Ready since 2008, the film had not released in cinema halls due to a dispute between Mehta and the distributors.

Ketan Mehta's 'Rang Rasiya' to release in February 2012

Lying in the cans for over three years, Ketan Mehta's historical saga Rang Rasiya will finally hit theatres in February 2012.

"A lot of courage was needed on our part to make this film. Similarly, we needed a courageous distributor too. Finally we have found him and the film will be released in February now," Mehta told reporters in Kolkata.

The distributors were so far afraid of the content of the film, which takes artistic liberty in portraying nudity and upholds freedom of art and expression.

"Since it was shot at various locations right from Kerala to Varanasi, the film is a very expensive one. And that was another problem in finding the right distributor as many were hesitant," said the filmmaker whose last release was the 2005 Aamir Khan starrer Mangal Pandey: The Rising.

Ready since 2008, the film had not released in cinema halls due to a dispute between Mehta and the distributors.

The Censor Board had also once objected to topless scenes of Nandana Sen, who plays muse to 19th century painter Raja Ravi Varma, played by Randeep Hooda.

"The Censor Board has now cleared the film without any cuts," Mehta said.

He rejected suggestions that due to a delay in release the film will look outdated and affect the box-office results of his ambitious project. "What happened to Raja Ravi Varma hundred years ago also happens today. The best example is that of MF Hussain. The great Indian artist was hounded, persecuted, prosecuted and thrown out of the country because of his art. The film therefore will never lose its relevance," Mehta said.

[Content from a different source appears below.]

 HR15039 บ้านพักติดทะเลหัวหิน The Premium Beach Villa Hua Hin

Rang Rasiya has travelled to festivals the world over including Cannes, London, New York and Florence. It got a standing ovation at the Chicago Film Festival last month and was voted as the Best Film this summer in the London Film Festival.

It was screened at an overcrowded theatre at the ongoing Kolkata Film Festival (KFF) on Tuesday.

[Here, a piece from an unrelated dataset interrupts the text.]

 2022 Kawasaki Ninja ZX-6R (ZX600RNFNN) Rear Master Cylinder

The director, however, refuses to call the film a biopic.

"This is not a biopic or a painter's biography made into a film. You cannot condense Varma's life into a two-hour film," he said adding that he chose to focus on the role Sugandha, the muse, plays in the artist's life.

It is more about the period in his life when there was a climate of intolerance surrounding his timeless pieces of art.

Mehta's first encounter with the painter was years ago when as a film student he learned about Varma's immense contribution to Indian cinema.

"The entire imagery of early Indian cinema is drawn from his works. Even Dadasaheb Phalke, known as the Father of Indian cinema, started as an apprentice with Varma," he pointed out.

Mehta is best known for films like Mirch Masala (1985), Maya Memsaab (1992), Sardar (1993) and Hero Hiralal (1988).